The balustrade was bowdlerized in mist, concealing all but the parapet, the Weeping Tree, and the red box.
The Doctor was exacerbating.
“But in order to begin the experiment, I’ll need your help.”
“Me?”
“Go ahead. Take a look.”
Cloud droplets formed on my clothes.
The red box sat on the plinth.
It was irresistible.
“Open it.”
I opened the red box.
I was blinded by something brilliant.
“Now do you see?”
A faded sun burned meekly.
“It’s just a mirror.”
“Look again.”
The Doctor was right.
It wasn’t a mirror.
Desire, drives, the mind, the soul, discordant facets of a whole began take a heavy toll upon a self I once extolled.
“Now do you see what you were all along?”
I could see the parts.
Mouth. Eyes. Ear.

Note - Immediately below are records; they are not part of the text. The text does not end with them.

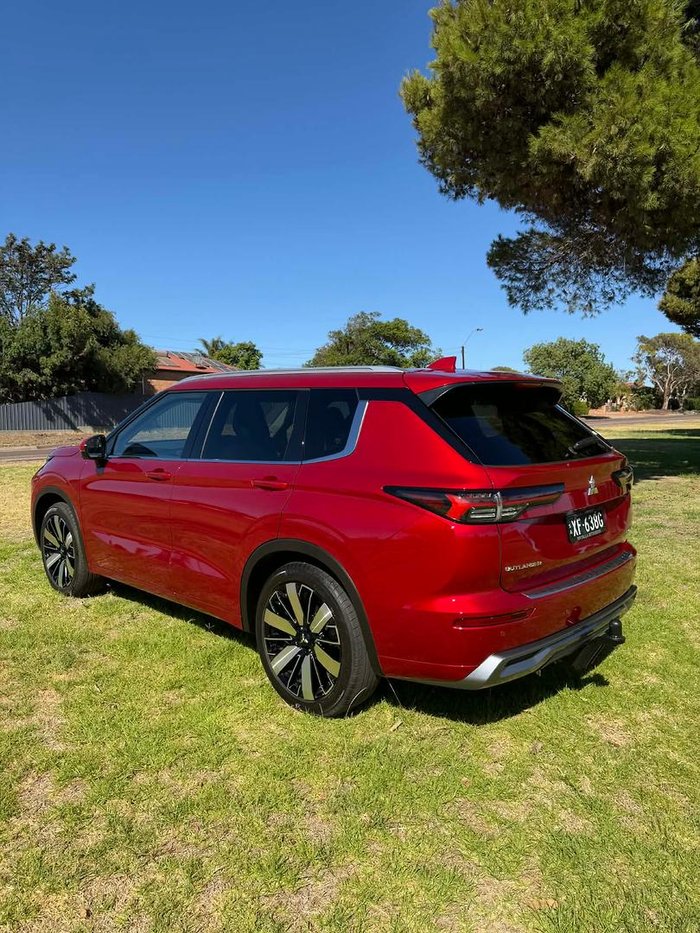 2025 Mitsubishi Outlander Exceed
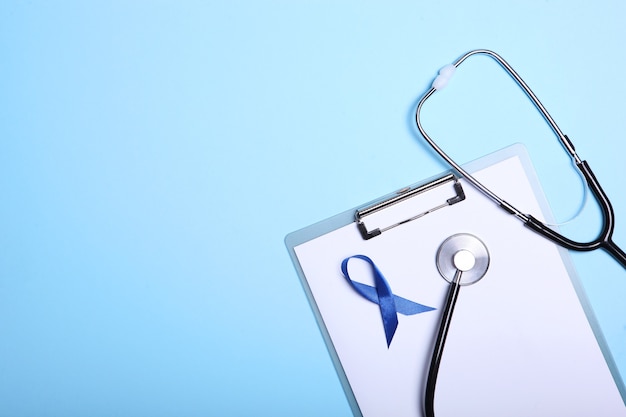Blauw lint op een gekleurde achtergrond bovenaanzicht mens kanker mens gezondheid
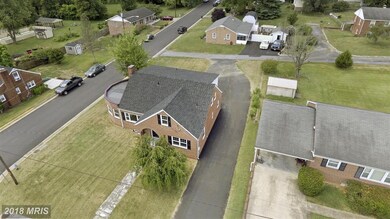 309 Stonewall St, Strasburg, VA 22657 - photo 2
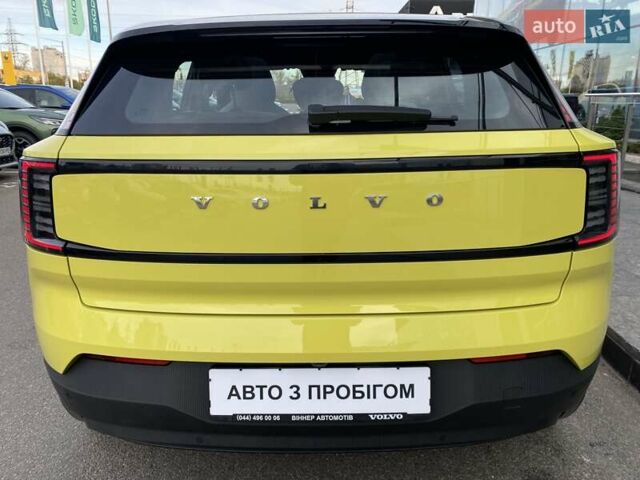 Желтый Вольво EX30, объемом двигателя 0 л и пробегом 19 тыс. км за 43034 $, фото 4 на Automoto.ua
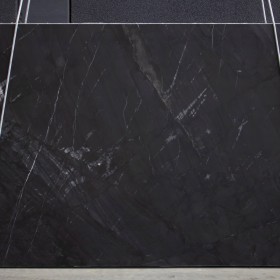 QUARZITE NERA  3 cm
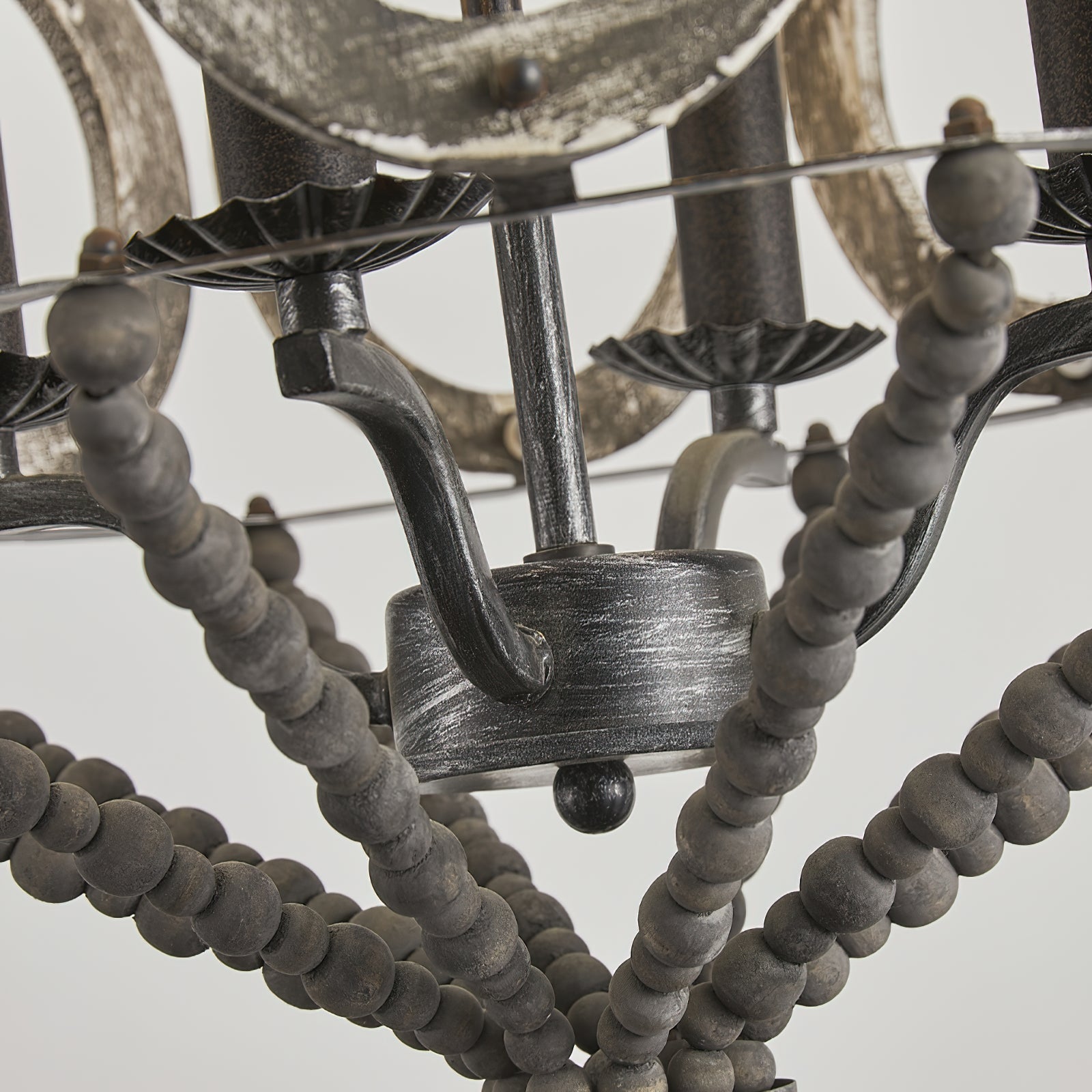 Zasorila Chandelier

Hair.
The pieces held up.
But the whole wasn't there.
“Now do you see what we do all along, ignoring exactly the things that we long? Absolved of the curse of original sin you’re digging a hole and you’re filling it in.”
I realized why people looked in mirrors.
They yearned for a self; a whole.
But people were wrong.
There was no self.
There was no whole.
“You corrupt me…”
“With your own image?”
“I am forever corrupted!”
“By free will?”
I held my tongue.
“If it’s free will you seek, in the mirror you must peek…”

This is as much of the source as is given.